A sociedade da produção em alta escala, cujos danos são sentidos já por nossas gerações com uma aceleração sequer imaginada pelos diagnósticos mais pessimistas em relação, por exemplo, ao aquecimento global, obviamente tem dificuldade de aceitar uma argumentação que proponha moderação ao fazer e que soa conservadora demais diante dos benefícios e dos êxitos incontáveis trazidos pela atividade exploratória que remonta ao programa baconiano, amplamente criticado por Jonas. Fomos ensinados a pensar que, se podemos, então devemos. A maioria parece estar interessada no favorecimento da gula, curiosamente tornada virtude central do atual modelo de sociedade, estimulada pela indulgência geral e pela esperança material do consumo, lançada como apelo em favor de uma vida (mais) feliz.
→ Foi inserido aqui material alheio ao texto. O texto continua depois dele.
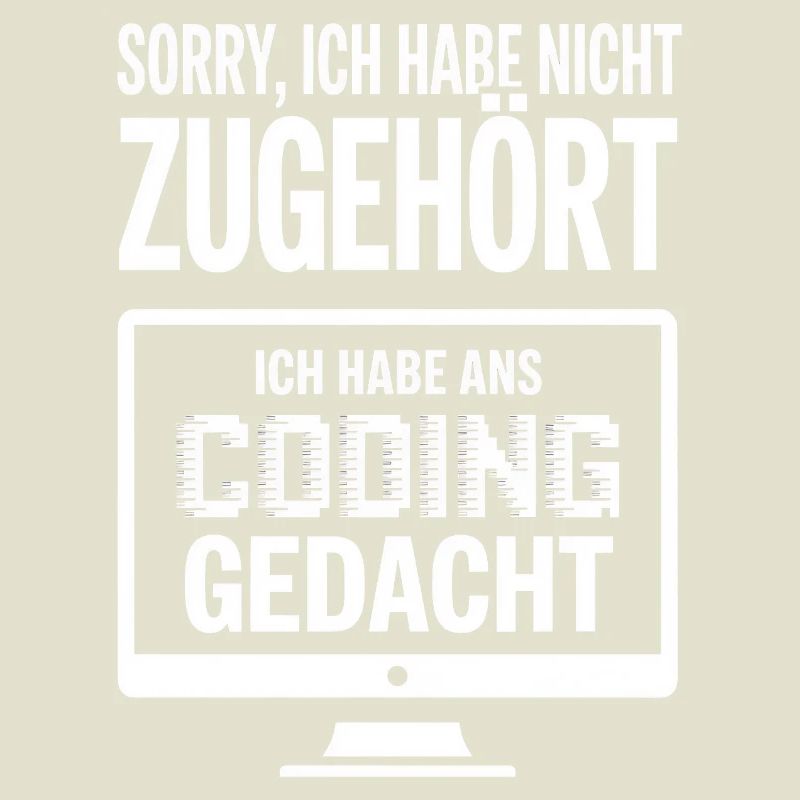 Coding Gedacht: Nicht Zuhören Meme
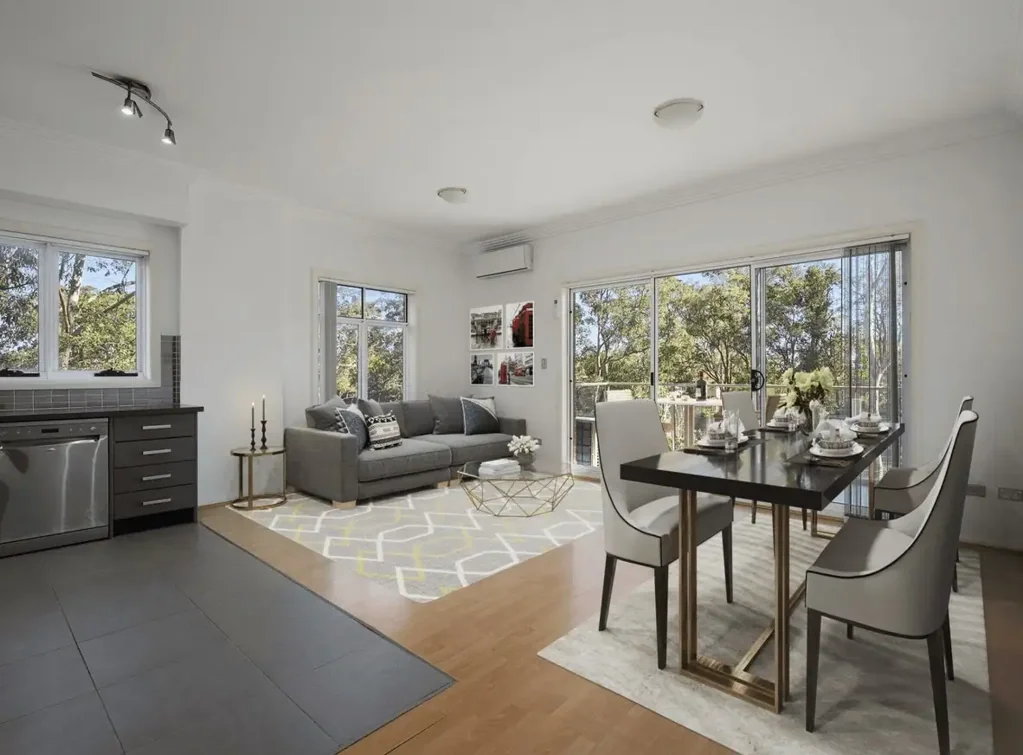 Hornsby 2ห้องนอน Modern Living in the Heart of Hornsby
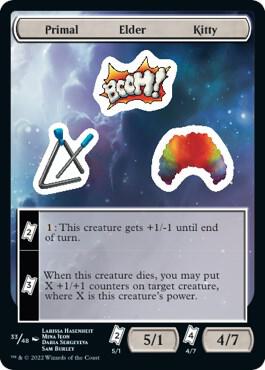 Primal Elder Kitty (33) [Unfinity]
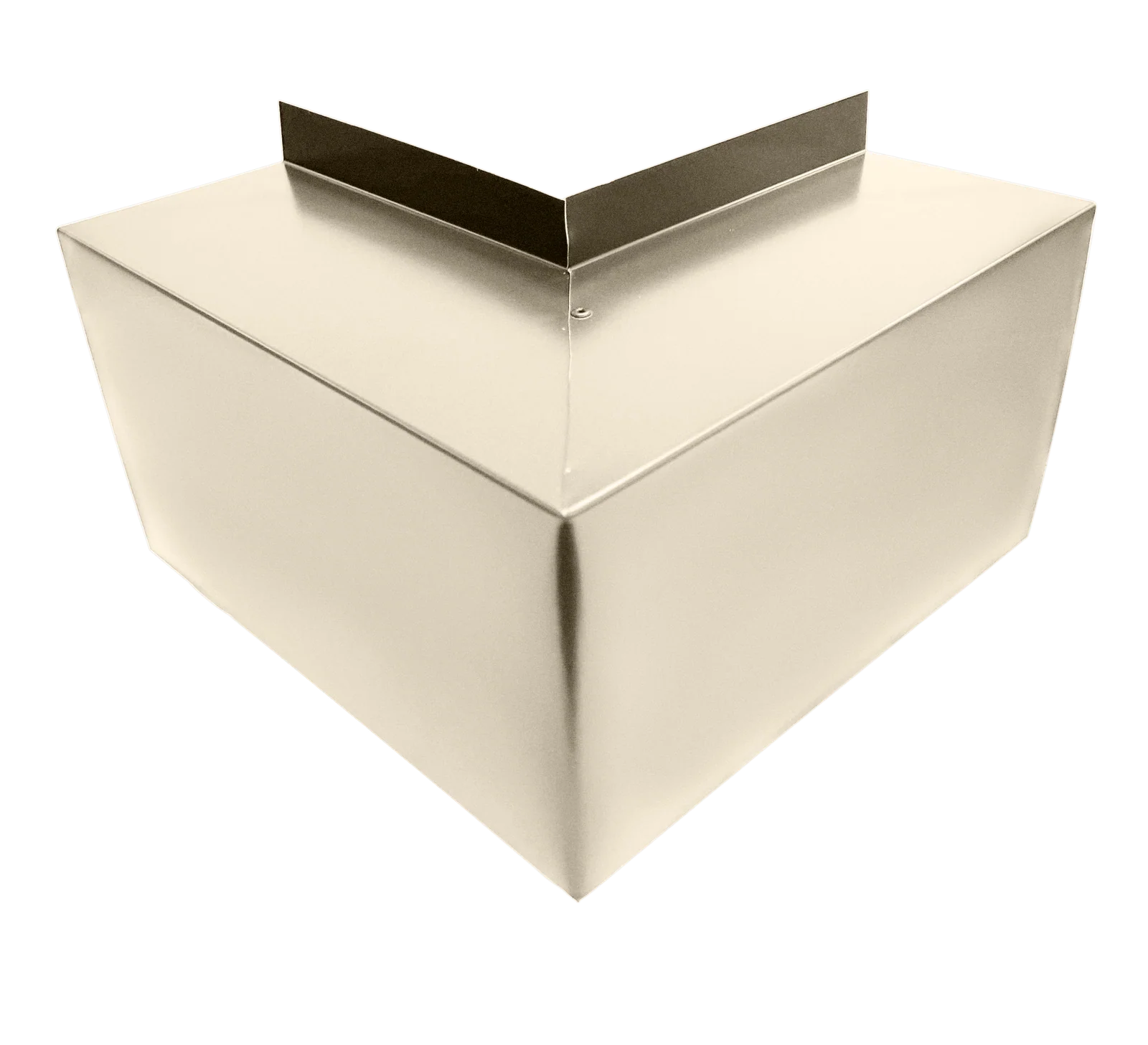 Commercial Series - 24 Gauge Line Set Cover Outside Corner Elbows - Premium Quality - Image 3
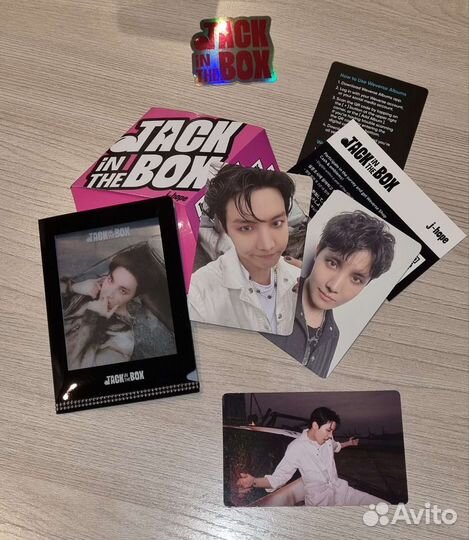 Карта J-hope Jack in the box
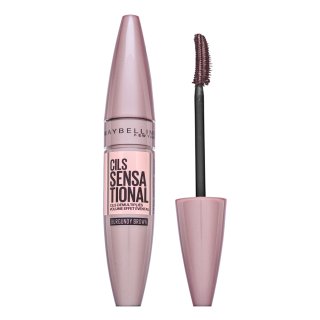 Maybelline Lash Sensational Full Fan Effect Mascara mascara om de wimpers te verlengen en te krullen Burgundy Brown 9,5 g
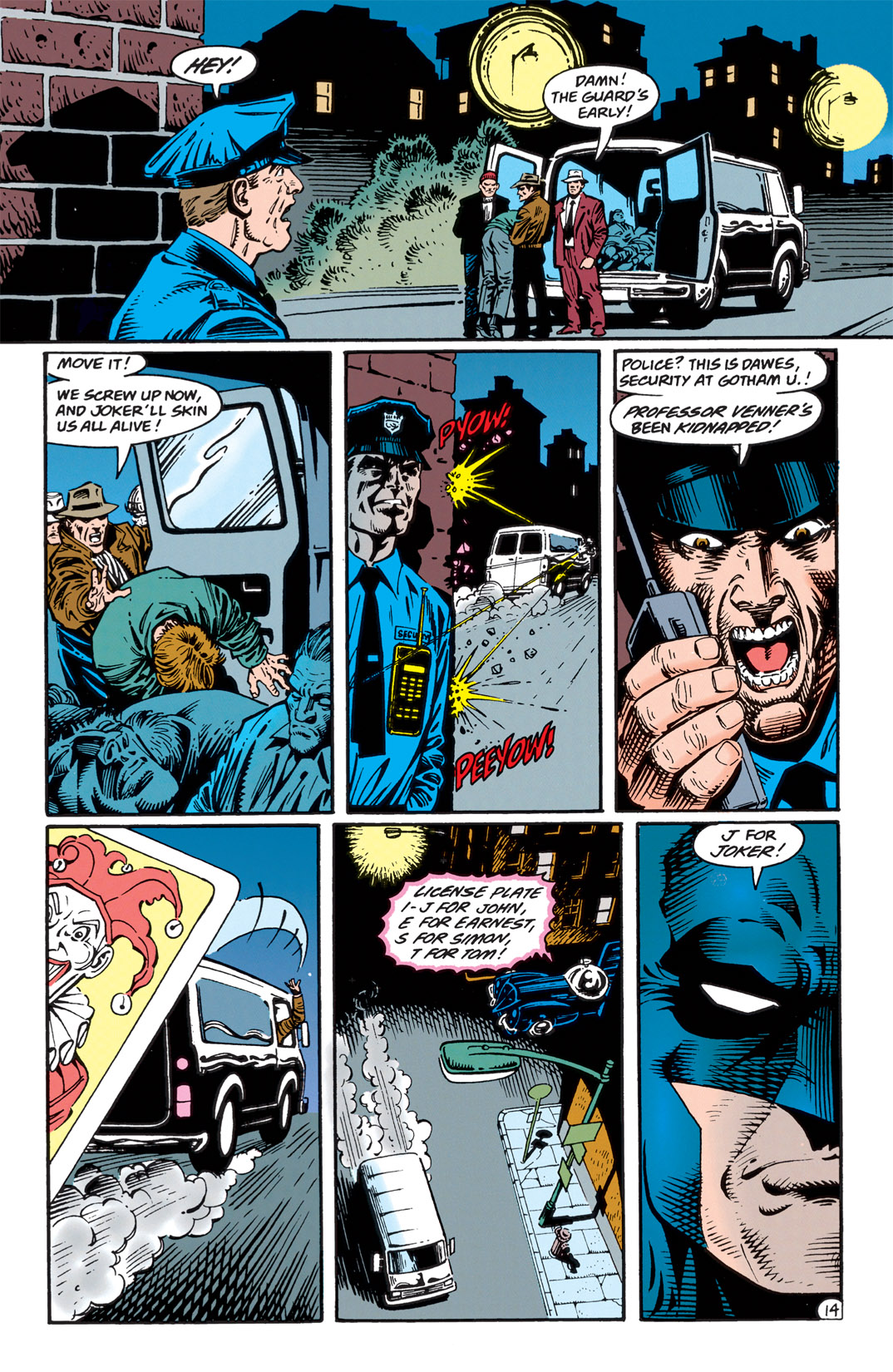 Batman: Shadow of the Bat 37 Page 14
Ninguém parece disposto a dominar esse forte impulso e, por isso, muitos apoiam medidas irresponsáveis de usurpação do patrimônio natural como aquelas difundidas pelo ministro.
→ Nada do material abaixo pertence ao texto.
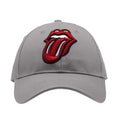 Grey - Front - The Rolling Stones Unisex Adult Logo Baseball Cap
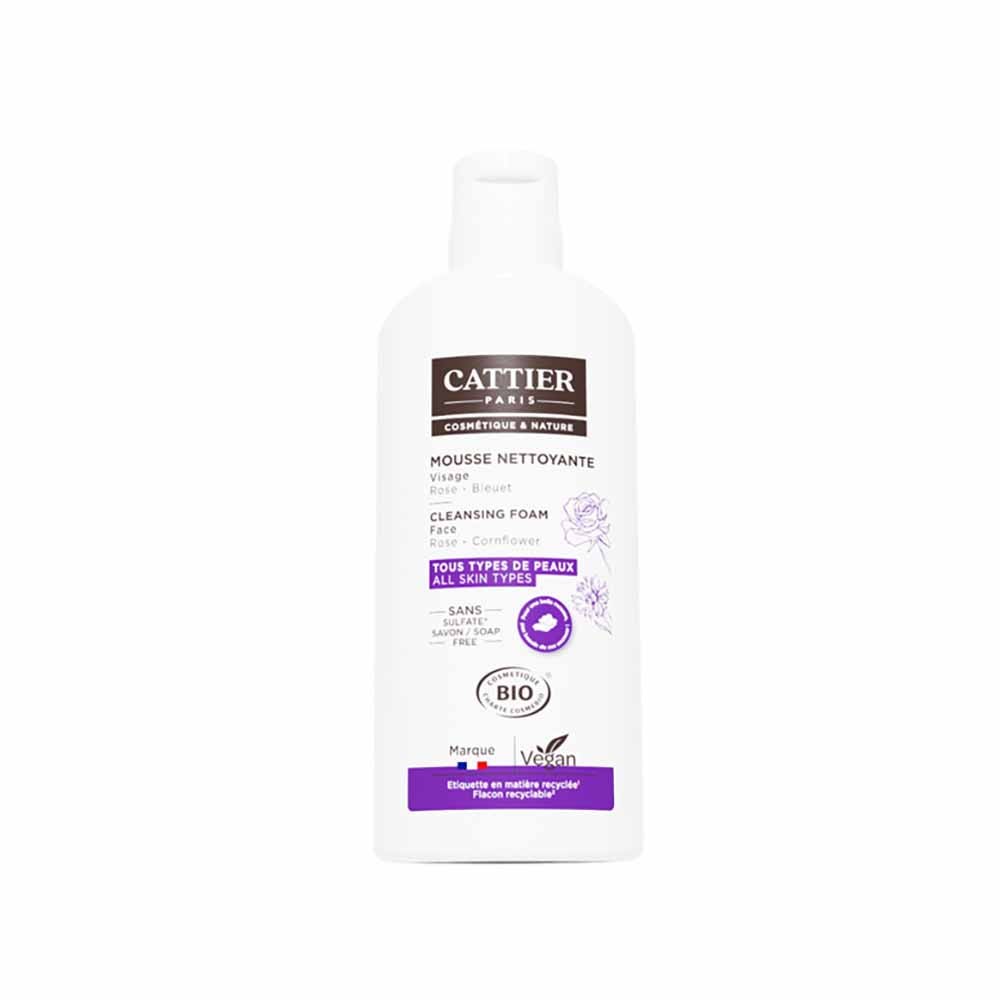 Cattier Nuage Celeste Mousse Nettoyante Bio 150ml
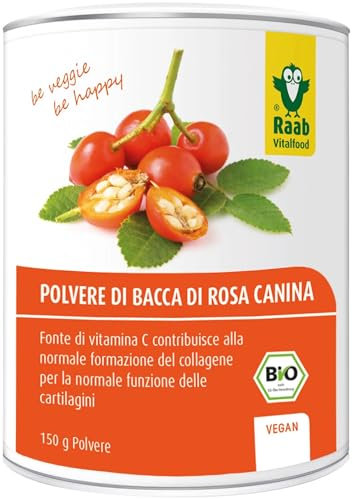 Bacca di rosa canina in polvere 150 g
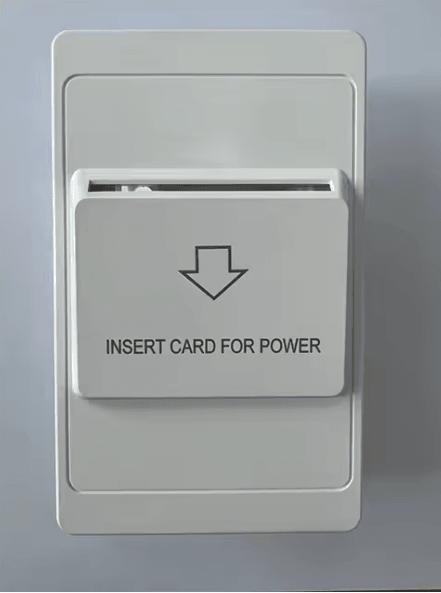 EcoCard Smart Hotel Power Saver Switch 125 KHz 1356 MHz Card Activated 2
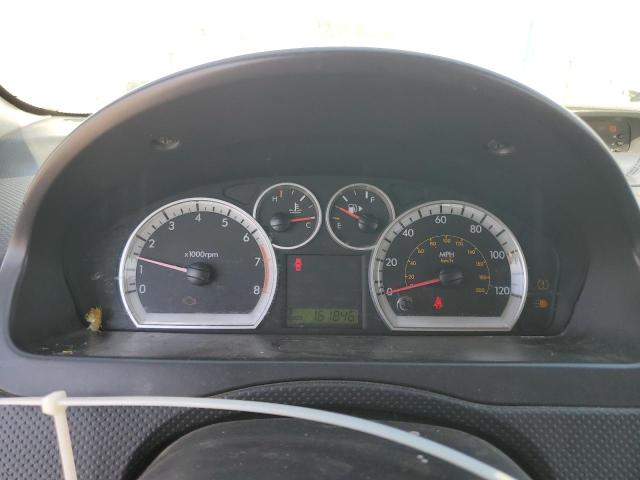 KL1TD5DEXAB094552 - 2010 CHEVROLET AVEO LS 白色 照片 9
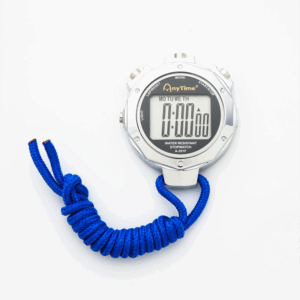 Professional Sports Referee Table for Track Field Running Electronic Backlit Stopwatch Timer for Student Training Stopwatch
Embora não tenha conseguido formular a facticidade política de sua proposta ética, Hans Jonas esteve atento ao fato de que um tal desafio só pode ser enfrentado por um modelo político capaz de impor, no pior dos cenários, uma mudança de costumes “mediante a lei pública e suas sanções” (2013, p. 79), algo que ele sabe, tem poucas chances de acontecer “no procedimento de votação democrática que está amplamente dominado por interesses e circunstâncias atuais”. O atual estágio da democracia brasileira é a prova mais cabal de que Jonas, também nesse campo, tinha razão: sequestrados pelos interesses do capital ecologicamente nocivo, Temer e seus ministros implementam no Brasil a imoderação como regra e seguem à risca a receita que faz a natureza pagar o preço do desenvolvimento – embora essa última palavra careça de sentido na crise atual o que, longe de ser um benefício, acaba por ser um agravante contra o meio-ambiente, como comprovam os dados supracitados. Contra eles, Jonas se dirige àqueles que têm alcance dessa problemática e eu pensamento contribui para uma análise filosófica dos desafios trazidos por essa conjuntura no âmbito da nossa responsabilidade pelo futuro global da vida sobre o planeta. Sua ética tem uma preocupação emergencial que recoloca, a seu modo próprio, o problema do ser no centro do pensamento filosófico: diante dos poderes ameaçadores da técnica e diante das evidências cotidianas, devemos nos perguntar de novo por que o ser (a vida) e não antes o nada? Ou seja: por que ainda queremos a manutenção do ser vivo no futuro? Se temos o poder de destruí-lo – e a nós mesmos – por que não o fazemos? O problema ambiental, assim, além de ser um problema ético, torna-se uma espécie de exercício heurístico que recoloca a Filosofia diante de seus temas mais célebres: o que é o ser, o que é o homem, o que devemos fazer, o que podemos esperar?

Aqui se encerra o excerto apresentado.